EXERCISE REQUIREMENTS
When you copy the data that follows, reproduce every word exactly and leave out the images.

GIVEN INFORMATION

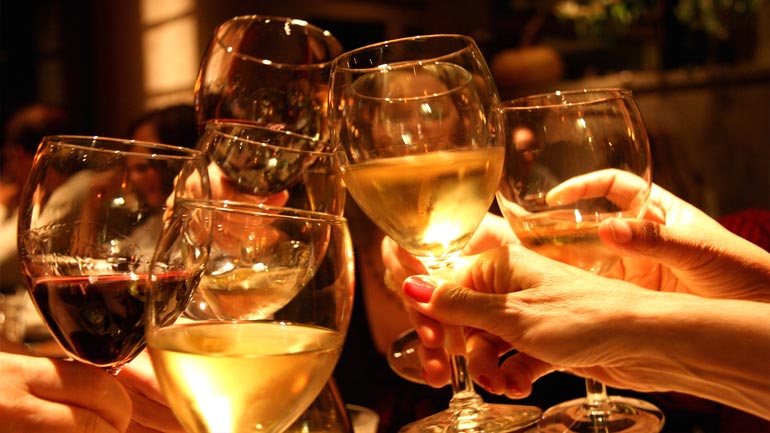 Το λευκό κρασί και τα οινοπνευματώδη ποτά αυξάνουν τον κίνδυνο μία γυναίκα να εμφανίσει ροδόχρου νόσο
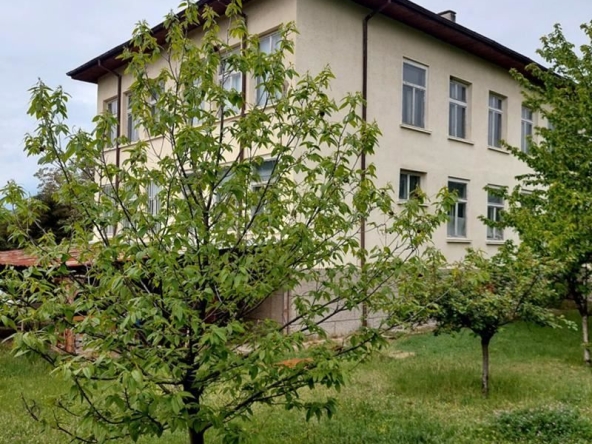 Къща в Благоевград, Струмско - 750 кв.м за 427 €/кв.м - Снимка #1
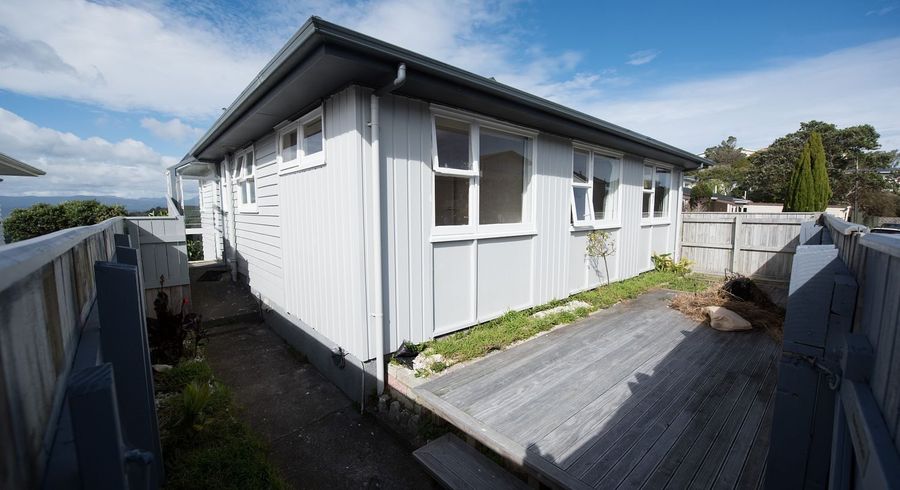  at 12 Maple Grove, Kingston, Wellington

WRITTEN SOLUTION
 Το λευκό κρασί και τα οινοπνευματώδη ποτά αυξάνουν τον κίνδυνο μία γυναίκα να εμφανίσει ροδόχρου νόσο
 Къща в Благоевград, Струмско - 750 кв.м за 427 €/кв.м - Снимка #1
  at 12 Maple Grove, Kingston, Wellington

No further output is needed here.